Jutelún galopaba entre la caballería de Alghu, rodeada por los mangadai de Qaidu, los «pertenecientes a Dios», todos atentos al premio que los esperaba en los carros. Los hombres de Alghu salían a su encuentro, pero el ímpetu del ataque los había cogido con la guardia baja y docenas de ellos yacían en la hierba o en las orillas poco profundas del río, muertos o heridos por la primera descarga de flechas. Jutelún cabalgó entre ellos y a su alrededor, evitando combates individuales, sólo interesados en el premio que los esperaba en los kibitkas.
Se encontraban a una docena de pasos cuando las cortinas se abrieron. Jutelún gritó una advertencia, pero su voz se perdió entre los gritos y el fragor de los cascos. En lugar de la princesa, el premio que los esperaba detrás de las cortinas de seda de la litera real eran los arqueros de Alghu.
Jutelún sofrenó el caballo, trató de hacerlo girar, pero era demasiado tarde. Oyó el zumbido de las flechas mientras, a su alrededor, sus mangadai gritaban y se apretaban las heridas. Varios de ellos cayeron de los caballos. Su propia yegua recibió el impacto de una flecha en el pecho y se alzó de manos.
Tuvo que recurrir a toda su habilidad para mantenerse en la silla. Mientras luchaba por controlar las riendas, se llevó el arco al hombro y disparó dos flechas contra los arqueros instalados en la litera. Sabía que era una situación desesperada. La carga había sido detenida; el ímpetu, perdido.
Su presa no estaba allí.
Azuzó a su yegua para alejarse de la caravana.
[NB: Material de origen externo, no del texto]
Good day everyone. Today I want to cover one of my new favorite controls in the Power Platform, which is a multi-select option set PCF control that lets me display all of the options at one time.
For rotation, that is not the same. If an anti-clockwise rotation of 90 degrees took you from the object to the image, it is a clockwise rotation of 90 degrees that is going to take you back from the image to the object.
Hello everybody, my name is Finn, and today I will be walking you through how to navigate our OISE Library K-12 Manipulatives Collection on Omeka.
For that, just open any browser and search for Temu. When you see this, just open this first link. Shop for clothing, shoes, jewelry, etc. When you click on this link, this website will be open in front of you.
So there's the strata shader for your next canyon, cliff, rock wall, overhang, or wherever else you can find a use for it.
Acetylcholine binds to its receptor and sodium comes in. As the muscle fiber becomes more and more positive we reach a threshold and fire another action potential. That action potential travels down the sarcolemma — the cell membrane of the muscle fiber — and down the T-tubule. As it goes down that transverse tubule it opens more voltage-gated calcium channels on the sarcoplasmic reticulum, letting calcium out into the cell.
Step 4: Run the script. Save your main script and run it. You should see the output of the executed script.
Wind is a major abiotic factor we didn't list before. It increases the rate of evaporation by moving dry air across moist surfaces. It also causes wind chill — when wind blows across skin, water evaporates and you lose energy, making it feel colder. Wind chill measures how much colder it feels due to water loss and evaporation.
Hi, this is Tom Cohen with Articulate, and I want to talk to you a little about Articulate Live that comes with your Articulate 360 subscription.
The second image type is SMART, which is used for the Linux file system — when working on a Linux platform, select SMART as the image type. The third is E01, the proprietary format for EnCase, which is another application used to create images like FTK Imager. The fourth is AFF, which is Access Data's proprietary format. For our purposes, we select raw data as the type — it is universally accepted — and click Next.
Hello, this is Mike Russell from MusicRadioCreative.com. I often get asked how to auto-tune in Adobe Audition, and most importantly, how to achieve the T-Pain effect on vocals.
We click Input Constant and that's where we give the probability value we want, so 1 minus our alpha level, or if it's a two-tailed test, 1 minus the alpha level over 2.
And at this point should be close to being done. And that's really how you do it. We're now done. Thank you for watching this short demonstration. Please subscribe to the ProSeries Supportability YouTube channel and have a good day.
Entonces supo que la inquietud que había sentido toda la mañana había sido algo más que la premonición de su propia muerte. Era el presagio del desastre. Levantó la mirada, sabiendo lo que vería. Una línea oscura de jinetes que atravesaba la planicie. En pocos momentos alcanzarían sus flancos. Entonces comprendió la naturaleza de la trampa.
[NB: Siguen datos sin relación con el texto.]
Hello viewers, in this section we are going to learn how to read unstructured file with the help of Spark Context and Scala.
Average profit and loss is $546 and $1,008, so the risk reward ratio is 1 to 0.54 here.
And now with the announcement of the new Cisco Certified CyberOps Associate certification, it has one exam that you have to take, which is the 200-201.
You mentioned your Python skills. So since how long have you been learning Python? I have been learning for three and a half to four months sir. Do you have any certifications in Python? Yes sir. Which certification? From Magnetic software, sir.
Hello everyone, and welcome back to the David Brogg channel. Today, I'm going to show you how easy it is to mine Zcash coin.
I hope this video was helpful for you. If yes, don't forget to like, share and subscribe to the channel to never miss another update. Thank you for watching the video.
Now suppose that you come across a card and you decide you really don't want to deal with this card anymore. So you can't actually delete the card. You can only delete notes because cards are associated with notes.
A su alrededor oía los gritos de hombres que sufrían y morían, el golpe del metal contra el metal, mientras cien luchas distintas tenían lugar a lo largo de la línea de combate. Volvió a subir la cuesta del valle, encontró a su mensajero y lo hizo disparar las flechas de retirada.
Pero sabía que era demasiado tarde, demasiado tarde.
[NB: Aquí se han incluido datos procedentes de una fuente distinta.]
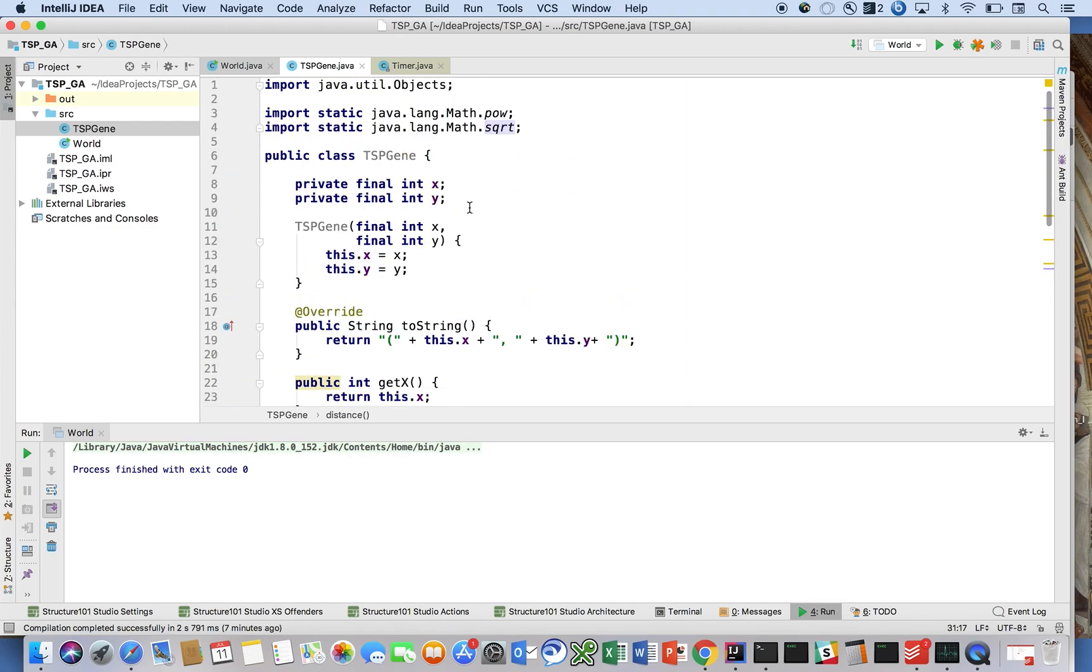So in the next video, we're going to look at modeling a chromosome. Okay. So please do make sure to like and subscribe, and I'll see you in the next video.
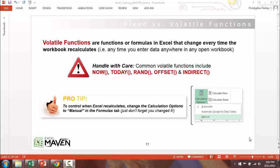Let's wrap up this 101 section by talking about fixed versus volatile functions. Volatile functions are formulas in Excel that change every time the workbook recalculates — and not just when a cell tied to a given function changes, but anytime you enter data anywhere in any open workbook. They're called volatile functions for a reason: they're constantly changing by nature of what they do.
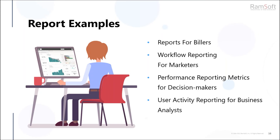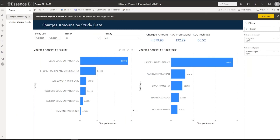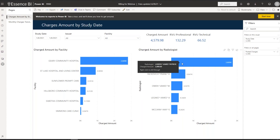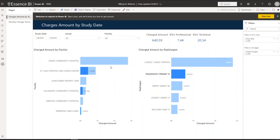Now for the moment you've all been waiting for — some examples of what the actual software looks like. We're going to open it up and take a look at some reports from our demo server and from an actual customer, so you can see what RamSoft data actually looks like in this new platform. Here is Essence BI in our demo server. You can see some billing data on this report — charged amounts, RVUs, professional RVUs, an overview of all the different centers, and radiologists. The visualizations are actually interactive, so if I click on one, the other visualizations change.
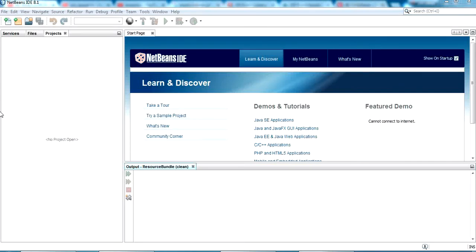Hello YouTube, welcome back to my video. Today we are going to check JSF internationalization, which means you can make your JSF project support different languages with the help of Java.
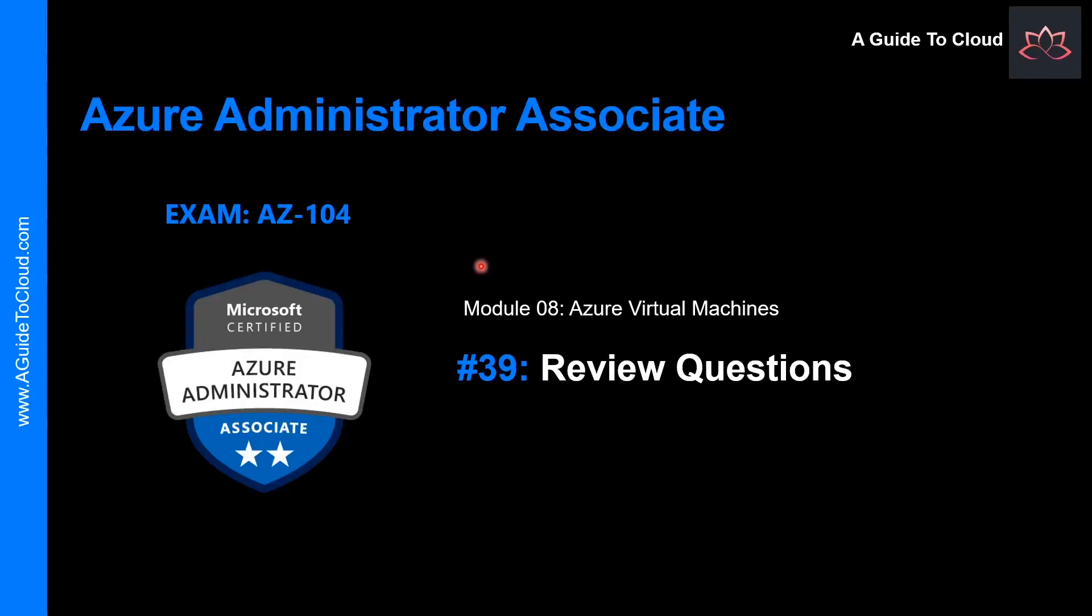You have successfully completed module 8. We learned everything we want to know for the AZ-104 exam in terms of Azure virtual machines. In the next video, we are going to go through review questions on module 8.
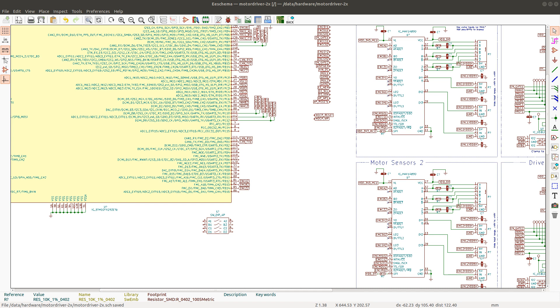Hello there, continuing the design of my motor control board. In this video I'm going to be adding the UX connector.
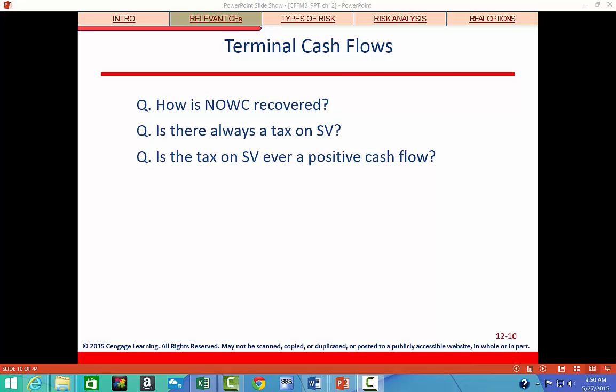There's not always a tax on salvage value. In the example where we were making a profit, the book value was zero and we could sell it for $25,000, so we had to pay taxes. But if the salvage value had been $25,000 and the book value had been $50,000, then we would actually be incurring a loss. We'd calculate $25,000 minus $50,000, getting negative $25,000, and we would actually get a tax credit of 40% on that $25,000 loss.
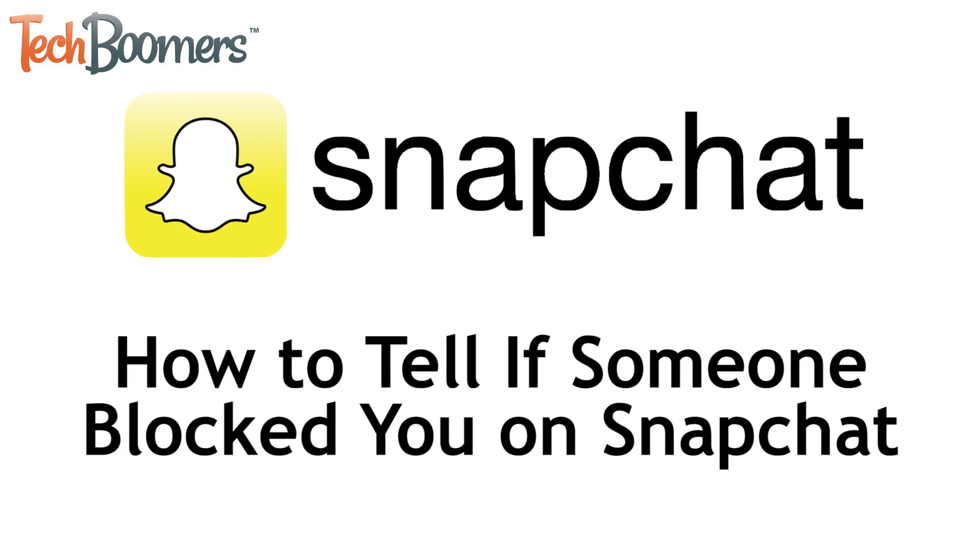I'm Jessica from techboomers.com, and in this video, I'll be showing you three ways to tell if someone has deleted or blocked you on Snapchat. Now let's get started!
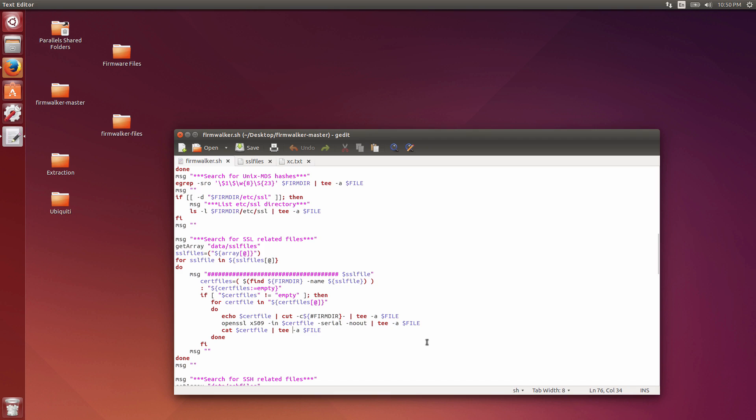If you don't know what Firmwalker is, it's a bash script I put together at least a year ago now, and I had some other folks out there on the internets who made some additions and enhancements to it as well. I made an addition to the Firmwalker shell script so that it'll do a little bit more sophisticated certificate searches that we'll be able to use in searching for devices with those same certificate serial numbers in Shodan.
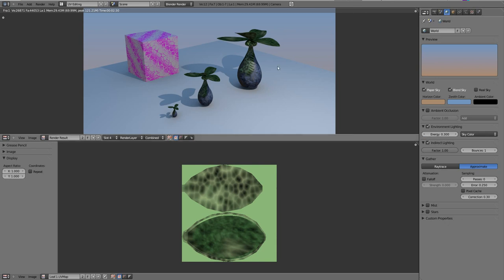That's a quick introduction to UV unwrapping using seams. We've also learned about copying and linking mesh data between different objects, and some global illumination rendering features. In the next class we'll cover more about the shading system and the lighting system, including the different types of lights available. Thank you!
Mientras la caballería de Sartaq entraba en combate, Josseran vio los restos de los jeguns de Jutelún que se batían en retirada y enfilaban hacia el pie de las montañas. Galopó alrededor de los que huían, vio un brillo de seda morada, un jinete que se alejaba hacia las montañas, reuniendo a su alrededor los soldados que le quedaban. Se encaminaba hacia la línea de árboles del lado norte del valle.
Los guerreros de Sartaq disparaban oleadas de flechas desde los caballos mientras los perseguían. Josseran vio que varios de los compañeros de Jutelún caían de sus sillas.
Se sumó a la persecución con la esperanza de cortarles el paso.